Und wie steht der deutsche Markt in puncto Serie Ihrer Meinung nach da?

Puh, bei der Frage tritt man schnell mal jemandem auf den Fuß... (lacht) Innerhalb von Europa ist Deutschland sicher nicht der innovativste Markt. Wenn man das mit Großbritannien, Frankreich oder auch Italien vergleicht, wird kreativer Wagemut in Deutschland nicht gerade groß geschrieben. Man produziert gern das Bekannte und Bewährte. Deshalb ist deutsches Fernsehen auch international nicht der Brüller – von einigen wenigen Ausnahmen wie "Deutschland 83" abgesehen. Wenn mal was gewagt wird und es dann nicht auf Anhieb funktioniert, zieht man gleich wieder den Schwanz ein. Nach dem Motto: Wir haben's ja versucht. Umfassende und vor allem ehrliche Fehleranalysen bleiben meist aus.

Sind die Entscheider der US-Networks mutiger oder macht es dort einfach die schiere Masse an ständig neuen Serien?

Sowohl als auch. Die Entscheidungsstrukturen funktionieren hier insgesamt professioneller und analytischer. In Deutschland wird Fiction weiter beschnitten, hier geht die Serie so durch die Decke, dass es zur Überhitzung des Marktes kommt. Ein Flop ist in Deutschland für alle viel deutlicher sichtbar und dadurch schwerwiegender.
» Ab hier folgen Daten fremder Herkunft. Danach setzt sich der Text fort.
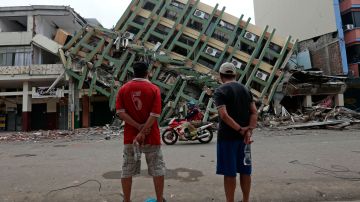 Dos hombres contemplan un edificio derrumbado por un sismo de alta magnitud en la ciudad de Portoviejo, en Ecuador.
"Das deutsche Fördersystem krankt daran, dass es viel wichtiger ist, ob ein Stoff den Förderern gefällt, als welche Marktchancen er hat"

Nikolaus Krämer


Noch ein großer Unterschied sind die Budgets. Bei einem US-Sender hätte "Neandertaler" vermutlich hinten eine 0 mehr dran gehabt.

Unser Motto hieß: Wo ein Wille ist, da ist auch ein Weg. Wir haben vier Episoden produziert zu einem Budget, für das die Amerikaner höchstens eine hinbekommen würden – etwas über zwei Millionen Euro. Da ist bei einer normalen US-Produktion die Grenze nach unten erreicht, bei uns die Grenze nach oben. Wir haben frühzeitig erkannt, dass wir das bei einem Dreh auf deutschem Boden nicht schaffen würden, weil die Kosten zu hoch sind. Und die Filmförderung, um die wir uns bemüht hatten, wurde abgelehnt. Wir sind daher – bis auf zwei Drehtage in Berlin – nach Ungarn ausgewichen und haben dort eine höchst professionelle und vertrauenswürdige Serviceproduktionsfirma gefunden. Am Ende ist nichts aus dem Ruder gelaufen, wir hatten Glück und sind mit HU und Gewinn durchgekommen.
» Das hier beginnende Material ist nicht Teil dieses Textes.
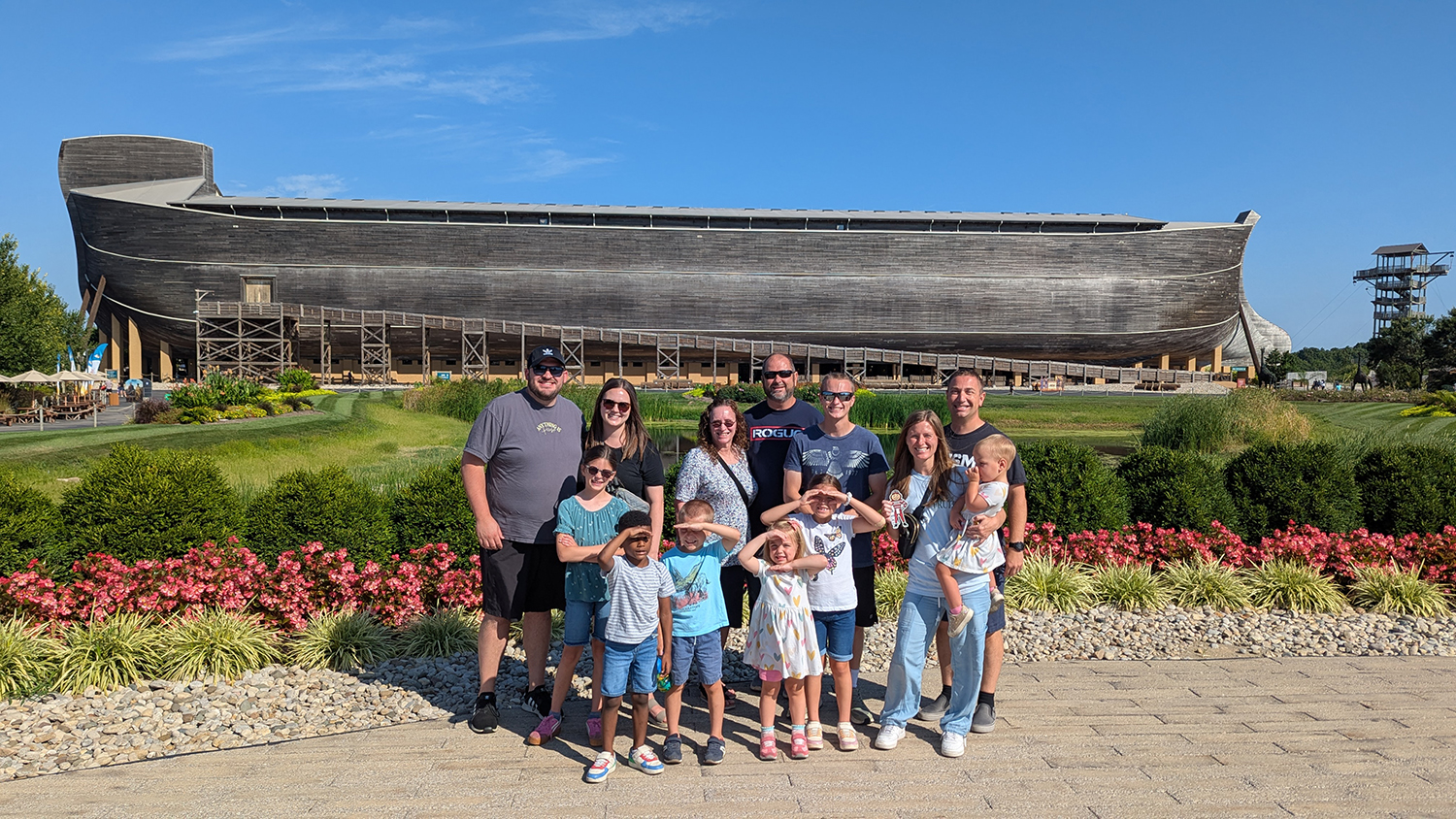 Seven adults and six children with Brutus in front of the Ark Encounter in Williamstown, Kentucky.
Woran lag die Ablehnung der Förderung – am Stoff, am Sender?

Der Stoff polarisiert – manche lieben ihn, andere hassen ihn. So eine Geschichte bekommt der deutsche Förderer offensichtlich nicht so oft auf den Tisch. Das ist auch ein Unterschied zwischen den Ländern: In den USA sind Film und Fernsehen ein klares Wirtschaftsprodukt, das sich am Markt refinanzieren muss. Das deutsche Fördersystem krankt daran, dass es viel wichtiger ist, ob ein Stoff den Förderinstitutionen gefällt, als welche Marktchancen er tatsächlich hat. Das erinnert mich an den berühmten Spruch meines ehemaligen RTL-Chefs Helmut Thoma: Der Wurm muss dem Fisch schmecken, nicht dem Angler.